Immer mehr Künstler bringen ihre Platten auch auf Vinyl raus, z.B. Bruce Springsteen, Mando Diao, Red Hot Chili Peppers, Coldplay, Oasis u.v.m.
(Einfach mal auf eBay im Vinylunterodner vorbeischauen und ihr werdet überrascht sein, wieviel von eurer Lieblingsmusik auf Vinyl erhältlich ist!)

Eine CD oder die runtergeladenen Lieder kann man schnell auf CD brennen, oder gleich auf den USB-Stick damit.
Doch was bleibt von der eigenen Lieblingsmusik?
CDs überleben vielleicht 15 Jahre und auf Festplatten gerät es irgendwann in Vergessenheit.
Eine Vinylplatte hält dagegen ein Leben lang.

Dies erklärt auch die überraschende Auferstehung von Vinyl.
Ein Album auf Vinyl kostet im Beispiel vom neusten Oasisalbum 21€ im Vergleich dazu die CD nur 10€.

Bekommen tut man dafür die limitierte Vinyledition, mit großem doppelseitigen Kallppcover, zwei bedruckten Hüllen samt hochwertigen zwölf Zoll großen, 180 Gramm Schallplatten.

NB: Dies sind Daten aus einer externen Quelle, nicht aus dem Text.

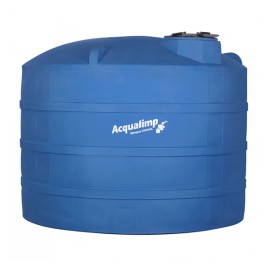 Tanque Reservatório de Polietileno 15.000L 2,48m Acqualimp Tanque Reservatório de Polietileno 15.000L 2,48m Acqualimp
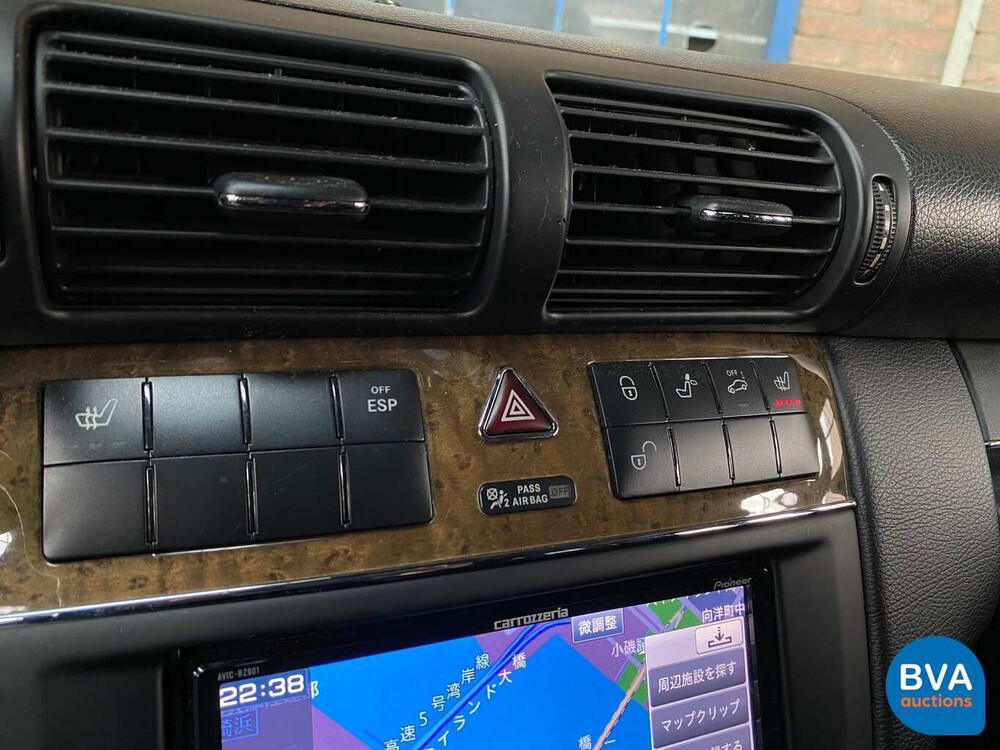 Mercedes-Benz C55 AMG 5.4 V8 367pk C-Klasse 2005 -YOUNGTIMER-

Beim ersten Reinhören, musste ich erstaunt feststellen, das die neue LP nun 45 Umdrehungen pro Minute braucht.


(als Größenvergleich nutze ich immer eine 0,75 Liter Wasserflasche)




			Dieser Inhalt steht nur eingeloggten Mitgliedern zur Verfügung.
        




Das Vinyl für mich einen besonderen Reiz hat ist klar.
Nur stand ich nun vor dem Problem, dass meine fast 30 Jahre alte RFT Compact 1100 Stereoanlage meinen Ansprüchen nicht mehr gerecht wurde.

Also muss ein neues System her.
Fachkundig beraten wurde ich hierbei von den Leuten im hifi-forum.de .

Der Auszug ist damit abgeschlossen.